We are all born to learn. Logicearth publishes between 2 to 4 blogs per week and we love to hear how you learn in the workplace. We'll keep you updated on the latest developments in learning technology, brain science and organisational development.

Diary of an Instructional Designer - Part 5

Social learning

I have now spent over six months as an Instructional Designer, but I feel that the learning curve has far from reached its peak. This week I have been thinking about how we learn from other people, something I have definitely done during my six months at Logicearth. In the eLearning industry, they call this social learning.

Social learning is vital for development

When I was 16 I began studying for my English Language A level. I was shown one case study which gave a solid argument for the latter in the ‘Nature vs. Nurture’ debate. In the 1970s a little girl in the U.S., known as Genie, had been horrifically abused - so much so that she was never spoken to during the critical period in which linguists suggest language must be acquired. You can read more about her story here. Genie was rescued at the age of 13, but linguistic researchers discovered that, while she began to mimic speech sounds and learned how to communicate, she never fully learned a ‘language.’

The story is both fascinating and heart breaking, but most importantly to me it shows how crucial we are to one another when it comes to learning and developing. Even ignoring more complex skills that we are taught by others, such as playing an instrument or riding a bike, without watching and learning from other people we might have no idea what foods are safe to eat or how to play safely as children.

I think we continue to develop from the influence of others, although maybe to a lesser extent, into adulthood. As a former Journalism student, I’d argue that there is something to be said for the ‘Wisdom of crowds’ theory. Journalist James Suroweicki suggested at the O’Reilly Emerging Technology conference in 2005 that when writing stories it is best to keep yourself exposed to as many diverse sources of information as possible in order to keep in tune with all the complicated events of the world as well as hone in on what you want to deliver to your reader.
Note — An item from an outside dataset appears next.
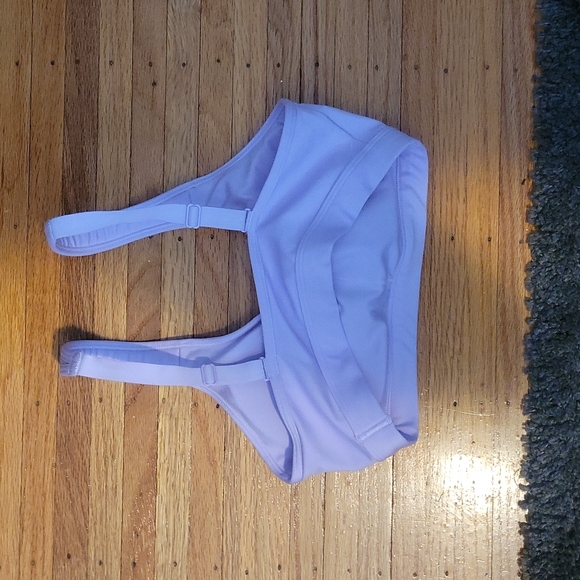 Gymshark sports bra - Picture 2 of 3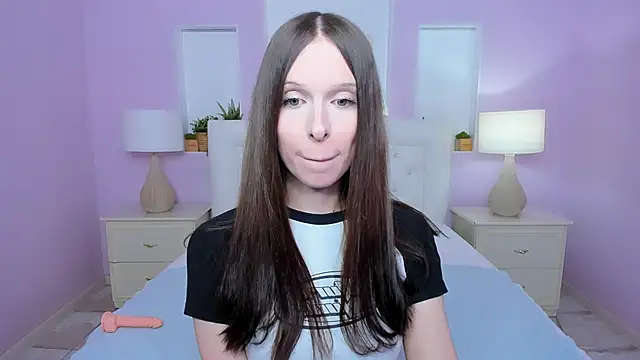 dark k1tty online show from 24, 4, 2026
Designing eLearning branching scenarios

I think that certain types of eLearning reflect this need for social learning. For example, recently I was working on a branch scenario for a course and was tempted in my feedback to ‘feed’ the learner the information they needed. I was shown, helpfully enough for this blog, by another colleague that a better way to do it was to enter into a kind of ‘conversation’ with the learner. Rather than tell them “that’s wrong, do it like this,” try saying, “I can see why you thought that, but there’s a better solution if you consider this, can you think of it now?” Rather than pushing an unknown fact onto the learner, you are pulling out the tacit knowledge surrounding that fact, allowing them to come to a realisation by themselves.

Even the industry of eLearning is in a constant conversation with itself online, with blogs, tutorials and published research into how to make learning more effective. This has been extremely beneficial to me, as an apprentice. I’ve been able to pick up so much about the industry from reading about other people’s successes and failures, as well as from having conversations with my colleagues about their own past experiences.

Getting to real social learning in eLearning

The idea of social learning can be integrated into eLearning courses through branch scenarios and an emphasis on pulling rather than pushing information. It can also be done by encouraging a ‘conversation culture’ surrounding eLearning courses, for example, asking a question with no definite answer giving learners the opportunity to discuss it with other people that have taken the course. Involving social media could be another way to add communication into the learning experience. In theory, it would be easy enough to create a Facebook group for a particular issue in the course that needs to be drawn attention to, inviting learners to share what they are struggling with. In this way learners could create their own content from which instructional designers could then take inspiration, and the learning circle would be complete.